By Daniel Béland, Johnson-Shoyama Graduate School of Public Policy, and Pierre-Marc Daigneault, Department of Political Science, Université Laval

welfare reform in canada

In Canada as in other advanced industrial societies, social assistance is a central component of the welfare state. This is true because social assistance programs support members of some of the most vulnerable populations in our society. With the key exception of aboriginal peoples living on reserve,* social assistance for working-aged people is a provincial matter. Commonly referred to as welfare, this type of social assistance does not have a good reputation in Canada.** In fact, just like in the United States, the term welfare frequently has negative connotations, in both popular parlance and media discourse. Yet, although citizens and policymakers alike might think we know a lot about welfare, in reality, public knowledge about provincial social assistance programs is rather sketchy. As a result, much more work is needed to provide a truly comparative and systematic overview of major issues and trends in this policy area, which is the safety net of last resort for so many Canadians. Moreover, because each province operates its own social assistance program, a lot can be learned by analyzing and comparing the different jurisdictions in a rigorous manner.
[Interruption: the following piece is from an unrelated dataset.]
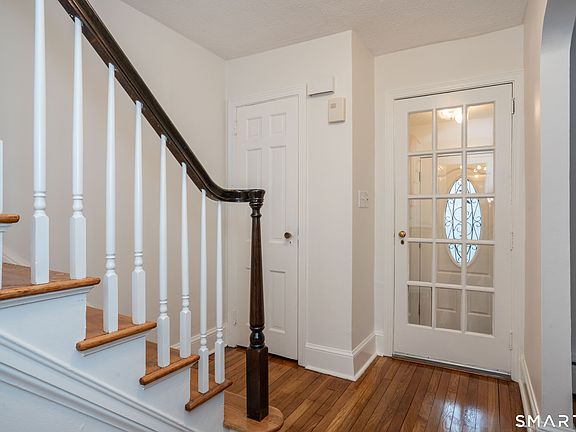 3rd image of 225 Auburn Road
This is exactly what our recent University of Toronto Press volume does. Titled Welfare Reform in Canada: Provincial Social Assistance in Comparative Perspective, this volume gathers some of the best specialists of social assistance in Canada, from both within and outside academia. Contributors include scholars from different disciplines (political science, economics, sociology, and social work) as well as current and former policy practitioners. They offer the first systematic look at provincial social assistance in more than 15 years. An outstanding feature of the volume is that each province gets its own chapter, which allows for an in-depth, comparative look at social assistance trends and reforms across the country. Simultaneously, broad historical, international, empirical contributions allow the reader to grasp the “big picture” of social assistance while paying attention to its various dimensions and issues. Finally, more focused chapters explore crucial issues such as aboriginal issues, activation programs, disability, gender, housing and homelessness, immigration, and population aging. The result is a rigorous analysis of social assistance trends in Canada that both practitioners and researchers should find useful, as the most comprehensive primer on social assistance ever published.

Several of our volume’s findings are particularly striking. First, as Ronald Kneebone and Katherine White show in their contribution, as in the past, provincial social assistance benefits for single employable individuals are generally set well below what is needed to cover their most basic economic needs. On average, lone parents as well as married parents fare relatively better, although this is much more the case in Prince Edward Island, Québec, and Saskatchewan than in British Columbia, Manitoba, and Nova Scotia, for instance.

Second, as this example suggests, significant variations among provinces persist in the field of provincial social assistance. At least regarding differences in benefit levels for single employables, lone parents, and married parents, there is no evidence of a strong convergence in benefit levels.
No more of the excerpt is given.